Something which puts me off from learning Rust is the “eye bleeding” (perhaps I’m a bit exaggerating here!) I have when I look at certain snippets of Rust code. I feel overwhelmed by the variety of operators you can use to denote your variables, the macro applications, the trait implementations and much more. These are just two examples I copied opening two random Rust projects on Github:

/// An abstraction to receive `NetworkStream`s.
pub trait NetworkAcceptor<S: NetworkStream>: Acceptor<S> + Clone + Send {
    /// Closes the Acceptor, so no more incoming connections will be handled.
    fn close(&mut self) -> IoResult<()>;
}

/// An abstraction over streams that a Server can utilize.
pub trait NetworkStream: Stream + Any + StreamClone + Send {
    /// Get the remote address of the underlying connection.
    fn peer_name(&mut self) -> IoResult<SocketAddr>;
}

#[doc(hidden)]
pub trait StreamClone {
    fn clone_box(&self) -> Box<NetworkStream + Send>;
}

impl<T: NetworkStream + Send + Clone> StreamClone for T {
    #[inline]
    fn clone_box(&self) -> Box<NetworkStream + Send> {
        box self.clone()
    }
}
impl<'c> Cursor<'c> {
    /// Create a new cursor instance
    pub fn new(line: &'c mut Line, offset: uint) -> Cursor<'c> {
        let mut cursor = Cursor {
            offset: offset,
            line: line,
        };

        // check that the current offset is longer than the length of the line
        let offset = cursor.get_offset();
        let line_length = cursor.get_line().len();
        if offset > line_length {
            cursor.set_offset(line_length);
        }
        cursor
    }
}

This is obviously very much subjective, but I find Rust code very dense; someone could say the same of Haskell, I suppose, so I’m not sure how much my point stands.
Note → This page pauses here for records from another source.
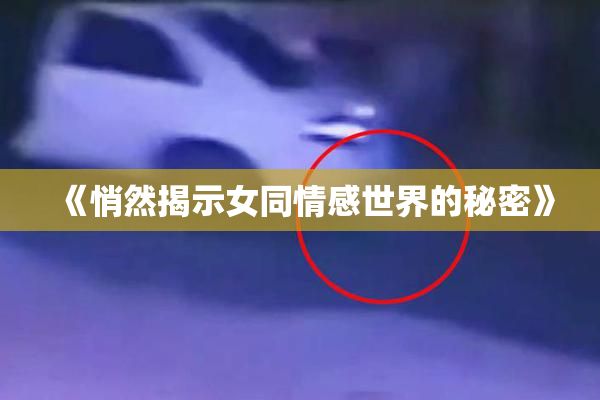 《悄然揭示女同情感世界的秘密》
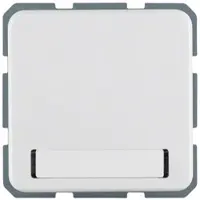 Hager WWS1114PW Steckdose SCHUKO mit Klappd. u. Beschriftungsfeld WG Up IP44, polarweiß glänzend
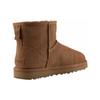 UGG Classic Mini UGG Women's Boots 1108231-CHE
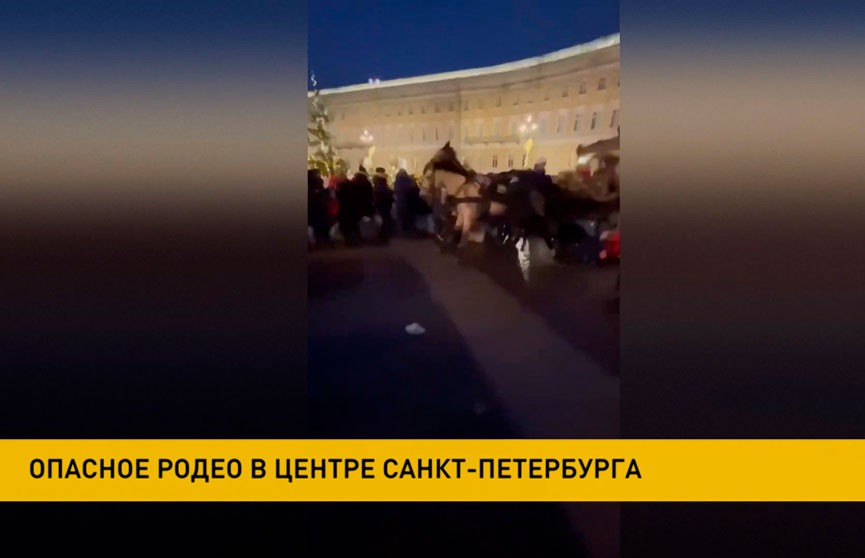В центре Санкт-Петербурга мужчина пытался оседлать лошадь, запряженную в карету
But when I look at Rust, I basically see C++ in disguise (angular brackets everywhere, very dense and complicated). Having programmed in C++ before, I was really hoping, in a sense, to get a breath of fresh air.

On the contrary, Go seems to be exactly the opposite: I basically call it “C with concurrency”. But it has a strange allure, probably deriving from its simplicity: I like simple things. On the other hand, it goes against my outlook on software development, as is not very “safe”, as far as the compiler and the type checker is concerned. But the visual overhead is much less.

Conclusions

If you make it till here, you guess this is not a flame post. It’s just my personal ruminations in what makes me feel reluctant in spending my time learning Rust. I really hope people will help me see through the syntax and appreciate the true sprit of the language.